Peter Fayssoux

Black and white photograph of Dr. Fayssoux's 3 story house

Dr. Peter Fayssoux House, 126 Tradd Street, Charleston, Charleston County, SC. Library of Congress Prints and Photographs Division.

(1745-1795)  Fayssoux was born in Charleston, S. C., the son of Daniel Fayssoux and his wife Frances. In 1766 Fayssoux went to medical school in Edinburgh. Returning to South Carolina in 1769, he found the city full of quacks and quoted to a friend: “It is Sufficient for a man to call himself a Doctor, & he immediately becomes one, & finds fools to employ him.”  On January 29, 1772, Fayssoux married Sarah “Sally” Wilson, who died in 1776. The following year, on March 29, 1777, Fayssoux married Ann Smith Johnston. The marriages produced thirteen children, six of whom died in infancy or early childhood.
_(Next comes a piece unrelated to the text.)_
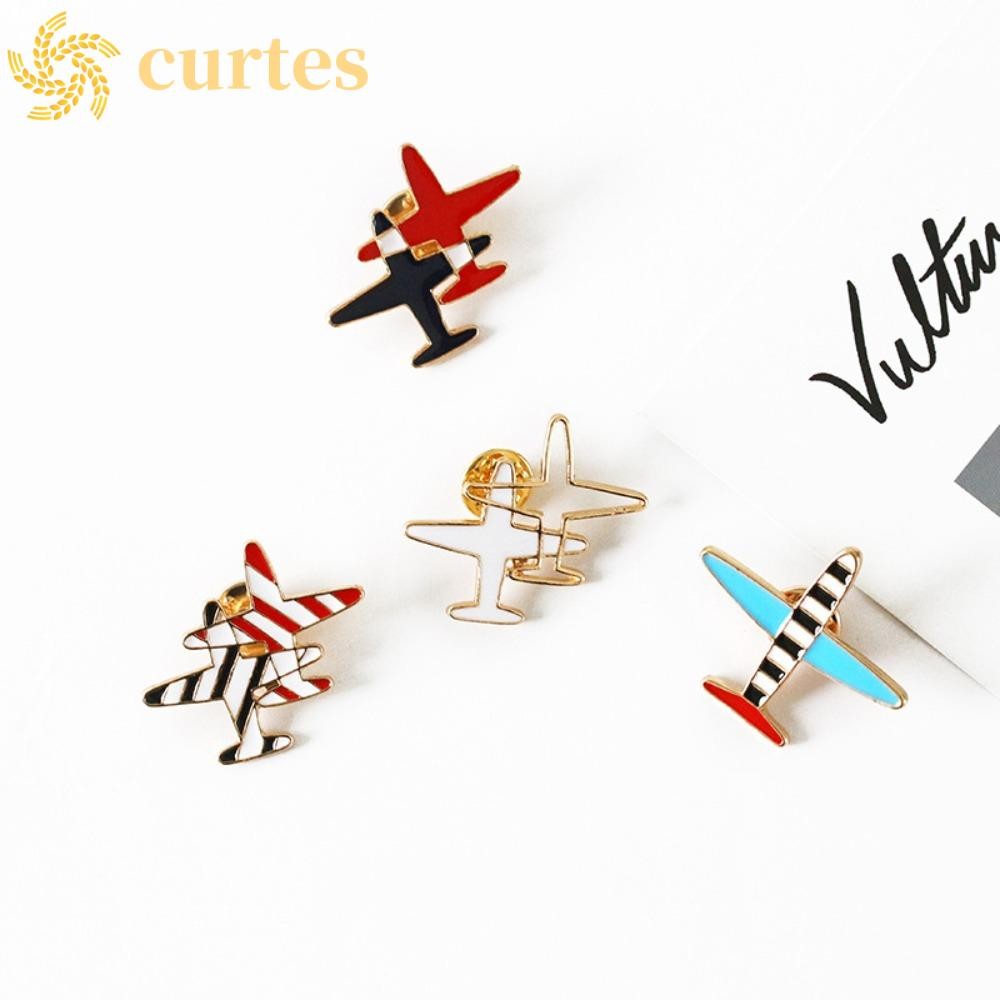 CURTES Cartoon Airplane Metal Brooch, Slap-up Exquisite Aircraft Lapel Pins, Fashion Clothing Accessories Creative Personality Aircraft Drop Uranium Brooch Tourist Memorial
Early in the Revolutionary War, Fayssoux attended the sick on James Island and provided advice on extracting salt from seawater. By 1778 he was serving as “senior physician” of the South Carolina branch of the Continental army. Fayssoux was with General William Moultrie at the Battle of Sullivan’s Island on June 28, 1776. In 1779, when Moultrie repulsed a British force threatening Beaufort, Fayssoux was given the task of remaining with the sick until Moultrie could supply the necessary carriages to remove them. Captured at the fall of Charleston, he was released in order to attend to the sick and wounded in the city. After the Battle of Eutaw Springs on September 8, 1781, the responsibility for the wounded fell to Fayssoux. At the end of the war Fayssoux was treating the sick and wounded in Camden, where he stayed until March 1782.

After the war Fayssoux became a member of the Faculty of Physic in Charleston, which was the first evidence of organized medicine in South Carolina. Along with Alexander Baron and David Ramsay, Fayssoux comprised the organizing committee charged with reporting a plan to improve “the Science of Medicine…amongst the Practitioners in this City.” He was a founding member and the first president of the Medical Society of South Carolina, which held its first meeting at Fayssoux’s home on December 24, 1789. Though he made no literary contributions to medicine, his leadership in the early organization of medicine and his contributions to the Revolution placed him among the major medical figures of his time. 

In 1786 Fayssoux was elected to the General Assembly, where he represented St. John’s Berkeley Parish until 1790. He voted against ratification of the federal Constitution in 1788 but afterward accepted the new government amicably. In addition to his medical and political activities, Fayssoux was involved with the Charleston Library Society, the Charleston Museum (as a curator), the Society of the Cincinnati (founding member), and the St. Cecilia Society. He died on February 1, 1795, of apoplectic stroke and was buried in the churchyard of First (Scots) Presbyterian Church, Charleston.